WORK TASK: Transcribe exactly everything in the data below from the line containing "Coral Ocean View Hotel Costa Adeje Coral" down to the line containing "Bonnet à pompon", both lines included and nothing further.

PROVIDED INFORMATION:
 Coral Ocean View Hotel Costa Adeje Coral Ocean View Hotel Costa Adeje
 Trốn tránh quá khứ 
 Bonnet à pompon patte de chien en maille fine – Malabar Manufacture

---

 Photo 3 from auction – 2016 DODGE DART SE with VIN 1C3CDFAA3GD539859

OUTPUT OF THE TASK:
 Coral Ocean View Hotel Costa Adeje Coral Ocean View Hotel Costa Adeje
 Trốn tránh quá khứ 
 Bonnet à pompon patte de chien en maille fine – Malabar Manufacture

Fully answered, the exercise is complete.